Members of a bridal party are demanding a refund from their rural Auckland accommodation after they discovered a camera hidden in a light bulb.
Bridesmaid Sarah Muir said on discovering the 360-degree camera, which also recorded noises, they decided to all get dressed in the bathroom in the rural West Auckland property.
Speaking to the New Zealand Herald, Muir told how they arrived at the property, booked through booking.com, on the Friday evening and had just finished watching the news and being left “weirded out” after watching a segment on a man who put double-sided mirrors in his bathroom.
The group of five then joked about there being hidden cameras in their rented house, when Muir looked up and noticed one of the light bulbs looked different from the others.

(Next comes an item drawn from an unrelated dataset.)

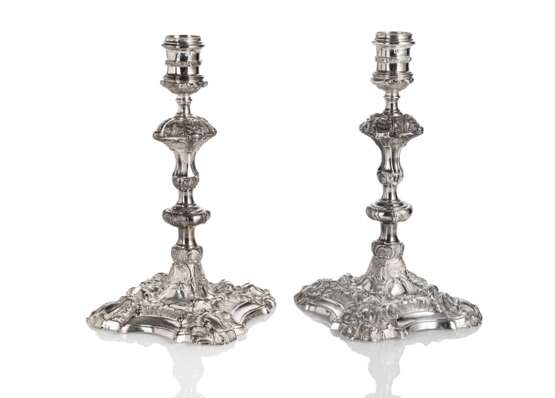 Paar George II Silber Kerzenleuchter - Foto 1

“We’d set up the wedding, had dinner and were just sitting around having a wine, going over the bride’s vows and then that came up on the news, we joked and then we saw it.
“We searched the rest of the house and we couldn’t find anything that looked like that but we don’t know if they had other types of hidden cameras around. We just made sure that we got changed in the bathroom from then on, we thought that would be the safest place.”
She said they were horrified by the find.
“We were pretty violated. If we hadn’t have found that, we would have been getting changed in there the next day.
“If they have it for surveillance you need to actually advise people. We wouldn’t have booked it if we had known there was a camera there.”
A spokesperson for Booking.com said the company was “concerned by the experience reported and are investigating fully”.
Privacy law expert Kathryn Dalziel told TVNZ1’s Breakfast this is something that just shouldn’t happen, but it is becoming a common occurance.
“We need to be concerned, this isn’t the first time it’s happened… …it’s happening more and more frequently.”
She says if guests “were in their underwear” on camera the guests would have grounds to lay a complaint with police. But in this particular case the guests laid a complaint with the Privacy Commissioner.
“It is illegal so the big risk for an owner in that environment is that they can even be down to their underwear and that would make it a crime because if they capture somebody in their underwear, not just naked that would be an intimate visual recording,” Ms Dalziel said.
She says home owners who lease out their houses need to be very careful about putting cameras inside their homes.
“They’re leasing that out to somebody and nobody likes being video or audio taped without their consent, which unsurprisingly the law agrees.”
Ms Dalziel warns home owners that if you are going to have a camera in your house, tell the people hiring the place you have a camera there.
“If the home owner tells them there is a camera there, it’s perfectly legal.”